• [What this task involves]: An exact repetition of the data below, without images, is the expected answer.

= = =

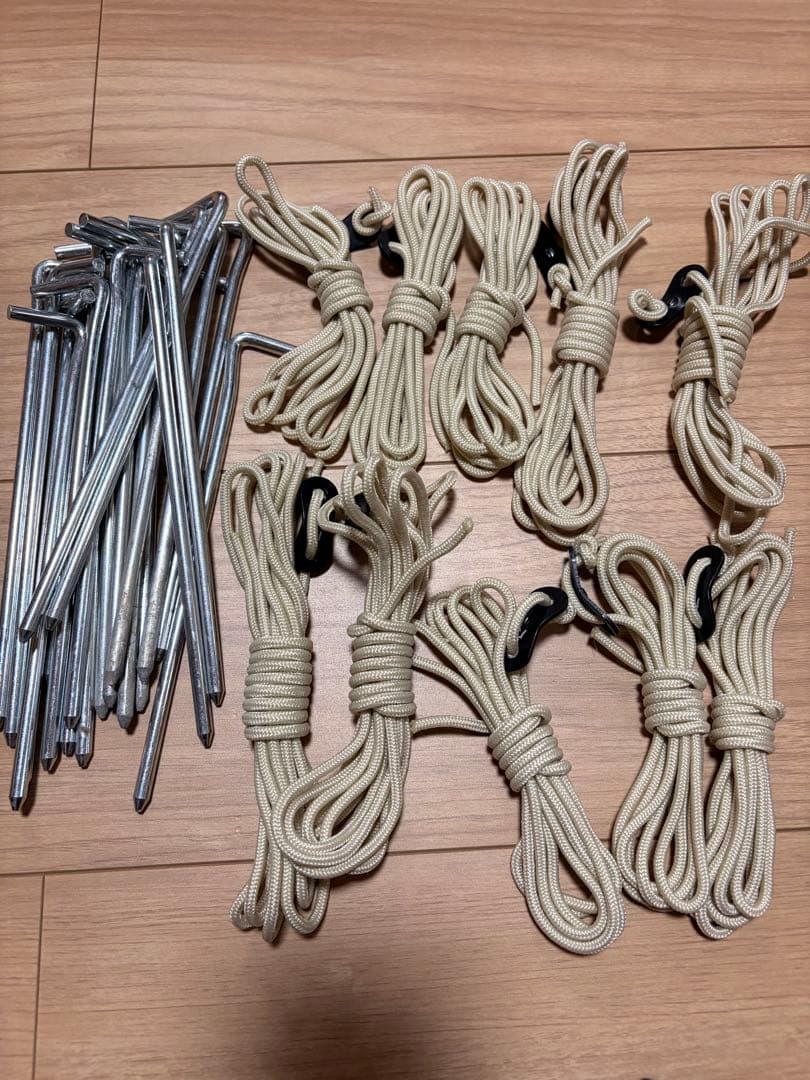 サバティカル　ギリア　廃盤品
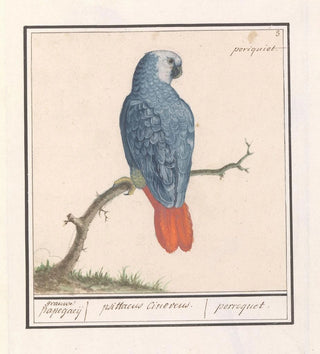Perroquet à queue rouge gris Psittacus erithacus - Anselmus Botius de Boodt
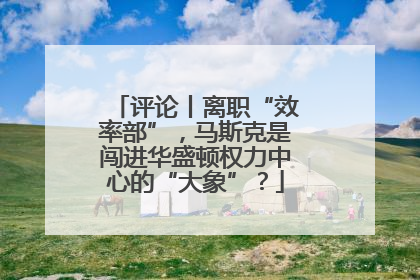 评论丨离职“效率部”，马斯克是闯进华盛顿权力中心的“大象”？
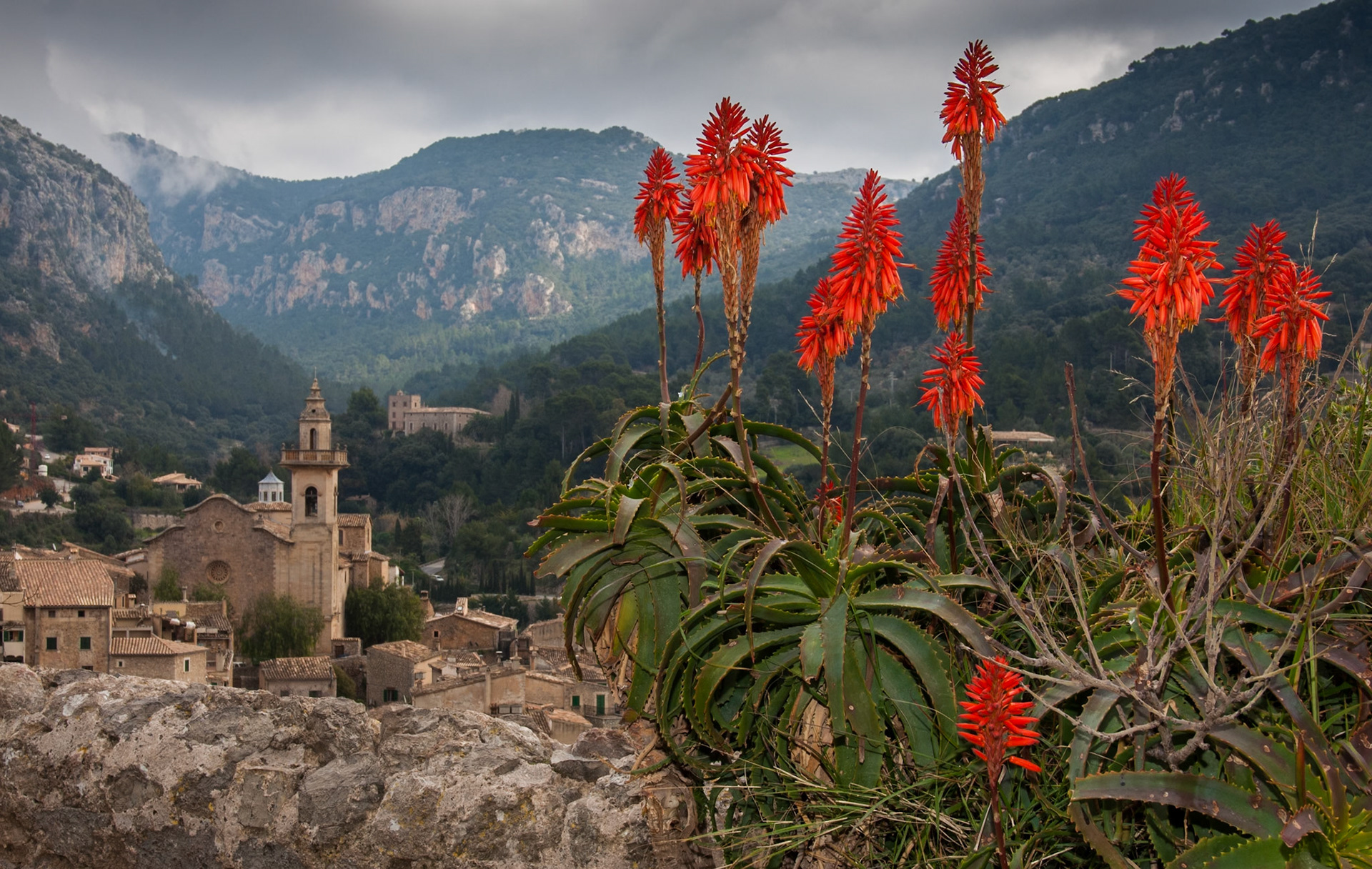 Blick auf Valldemossa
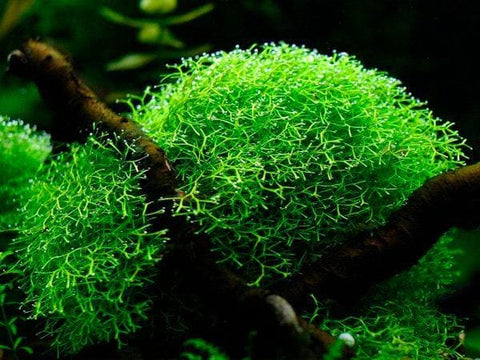 bright green Riccia fluitans on driftwood in planted aquarium aquascape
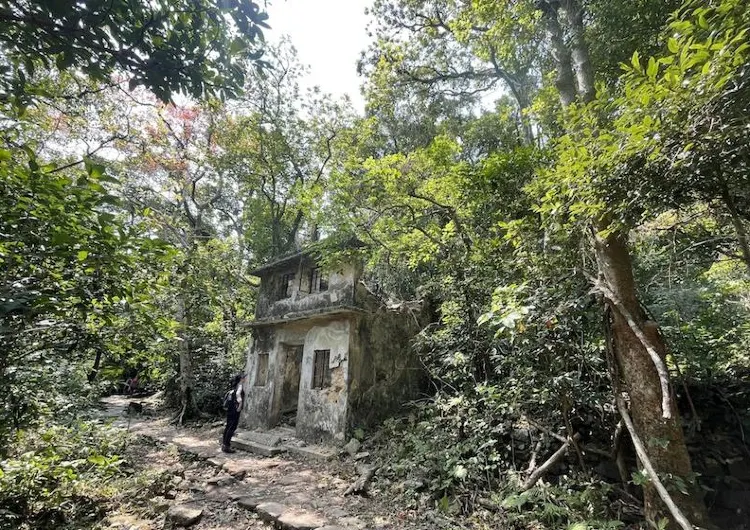 【夏日行山好去處】避暑、免曝曬 五條夏天行山路線 水塘行山 有林蔭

= = =

• [Output for this task]:
 サバティカル　ギリア　廃盤品
Perroquet à queue rouge gris Psittacus erithacus - Anselmus Botius de Boodt
 评论丨离职“效率部”，马斯克是闯进华盛顿权力中心的“大象”？
 Blick auf Valldemossa
 bright green Riccia fluitans on driftwood in planted aquarium aquascape
 【夏日行山好去處】避暑、免曝曬 五條夏天行山路線 水塘行山 有林蔭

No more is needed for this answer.